▽

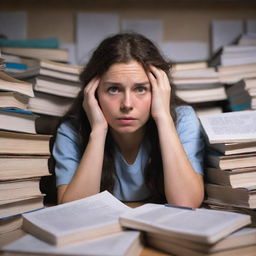 A nursing student at the brink of breakdown: hair in disarray, bags under their eyes, biting their nails nervously. Surrounding them is an unending sea of textbooks, papers, and half-empty coffee cups. Ambient light only emphasizes their worried countenance.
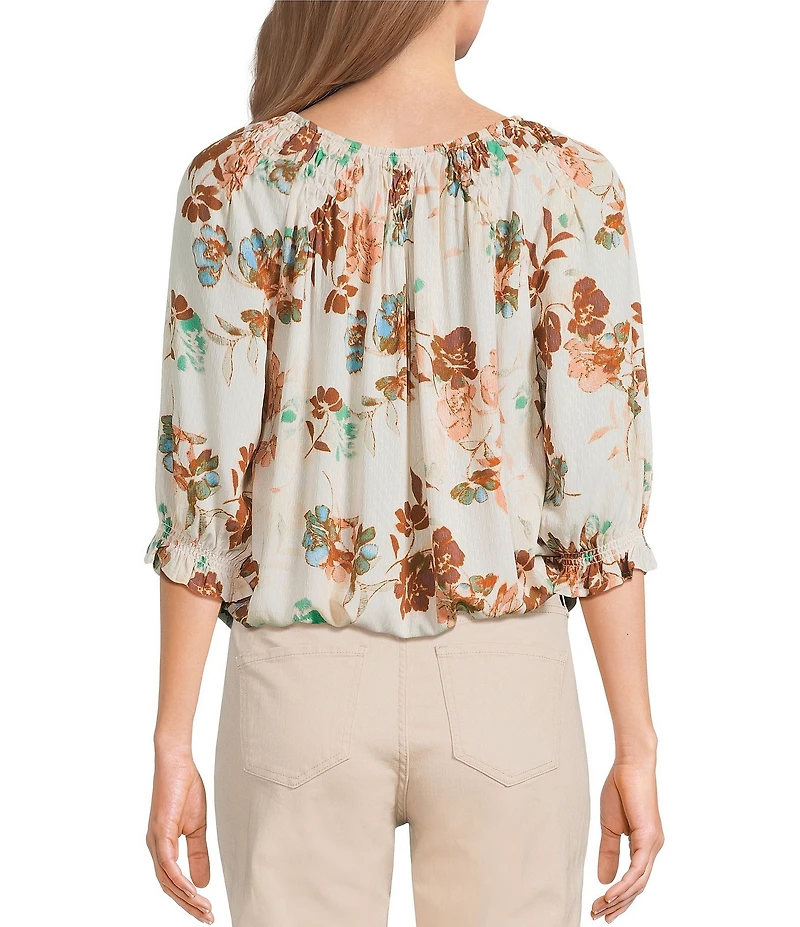 Democracy Woven Floral Smocked Neck Elbow Length Blouson Sleeve Bubble Hem Top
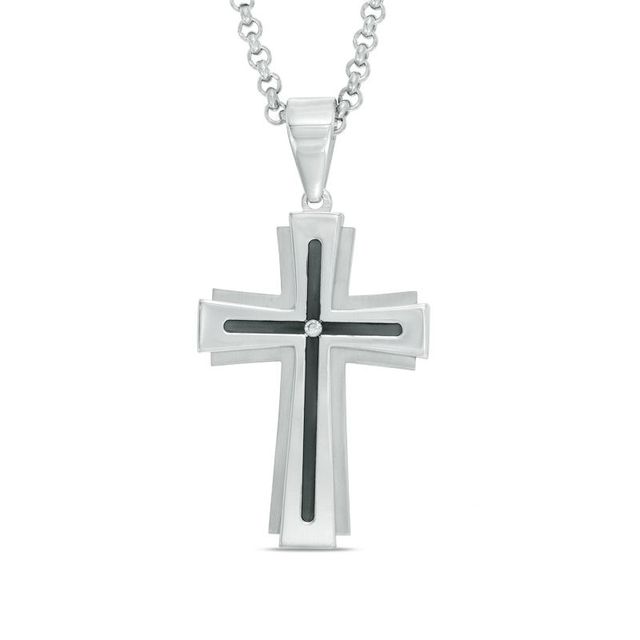 Previously Owned - Men's Diamond Accent Groove Cross Pendant in Two-Tone Stainless Steel - 24"|Peoples Jewellers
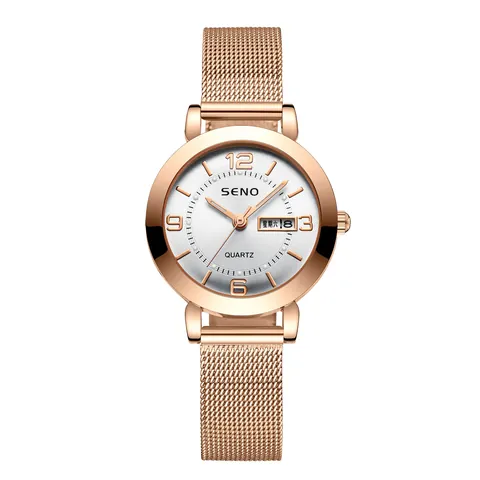 Fashion Women Quartz Watch Milanese Stainless Steel Mesh Band Waterproof Double Calendar Luminous Wristwatch Jewelry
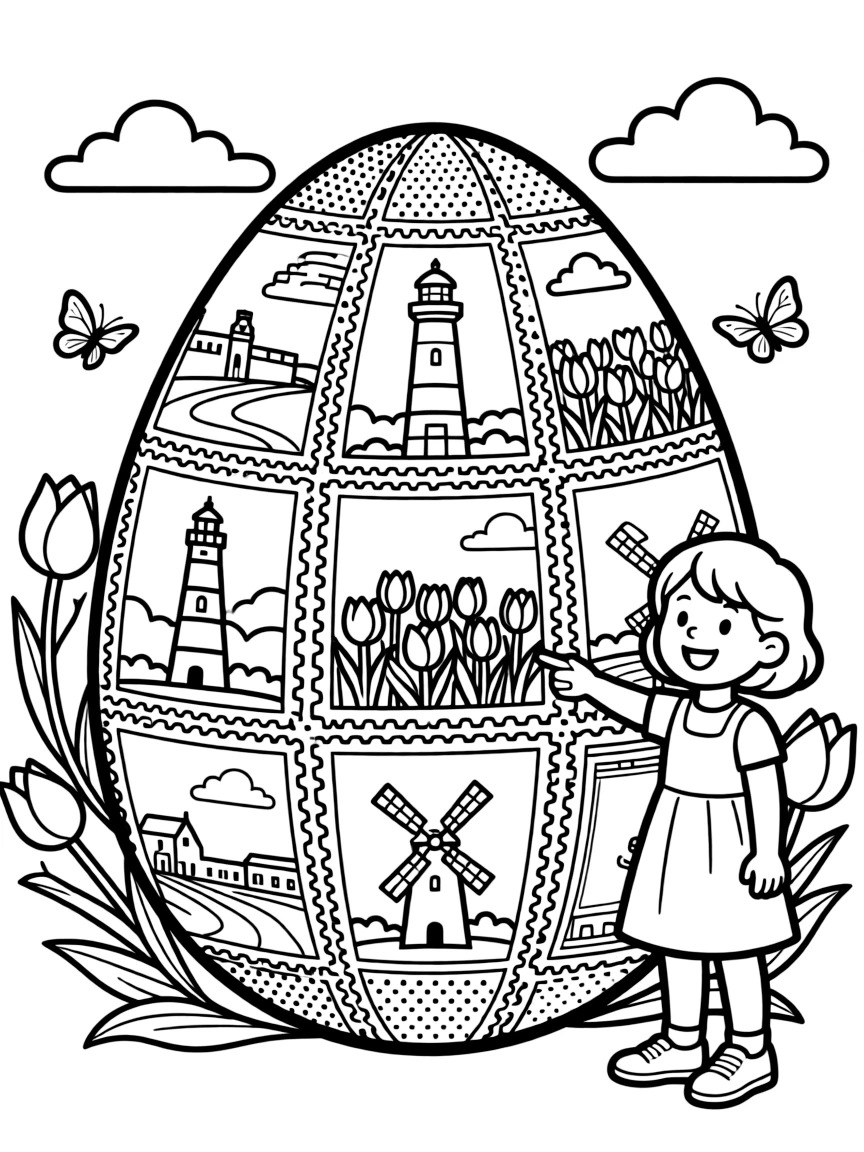 An Easter egg with vintage postcard designs from spring destinations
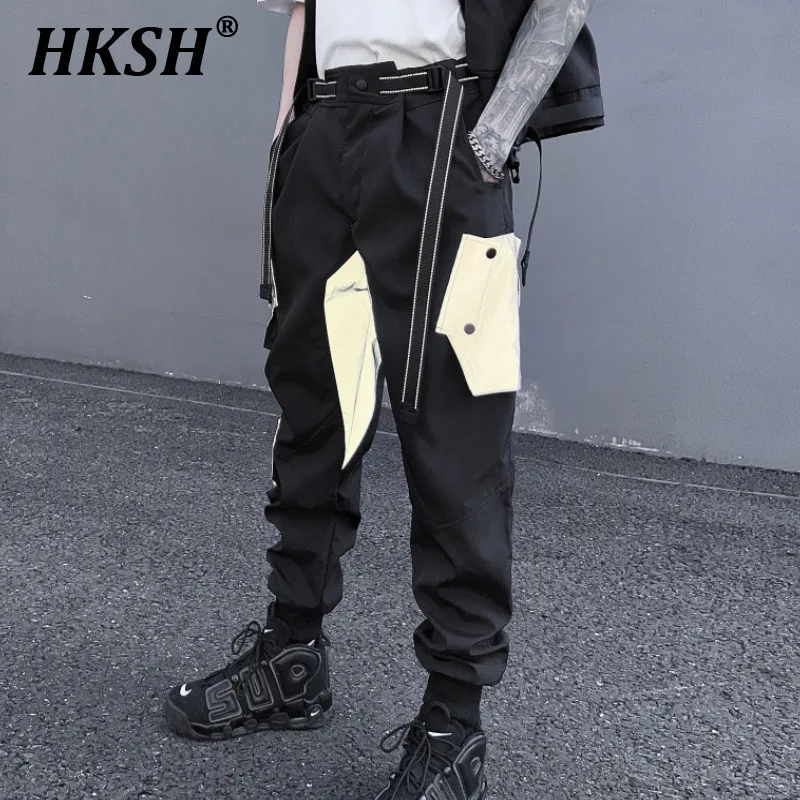 

HKSH Spring New Functional Tactical Men's Tide Dark Cargo Pants Fashion Loose Leggings Leisure Reflective Pocket Overalls HK0712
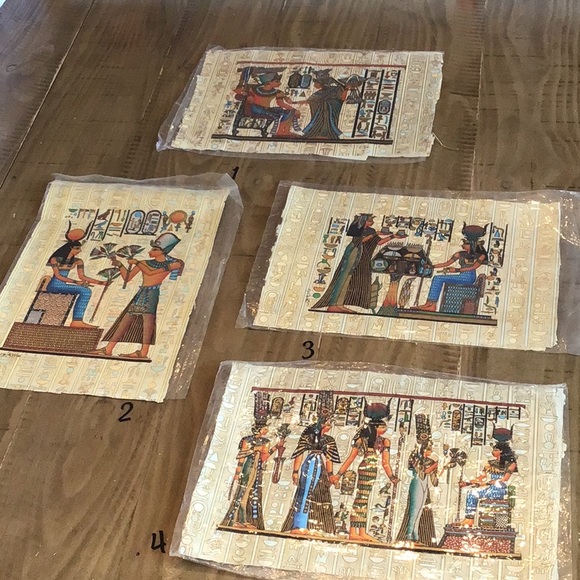Egyptian hand painted replicas on genuine papyrus paper - Picture 1 of 16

△

=== Required action ===
With the pictures omitted, copy the entries above exactly from the line containing "Democracy Woven Floral" through the line containing "Fashion Women Quartz", both lines included.

=== Solution to the problem ===
 Democracy Woven Floral Smocked Neck Elbow Length Blouson Sleeve Bubble Hem Top
 Previously Owned - Men's Diamond Accent Groove Cross Pendant in Two-Tone Stainless Steel - 24"|Peoples Jewellers
 Fashion Women Quartz Watch Milanese Stainless Steel Mesh Band Waterproof Double Calendar Luminous Wristwatch Jewelry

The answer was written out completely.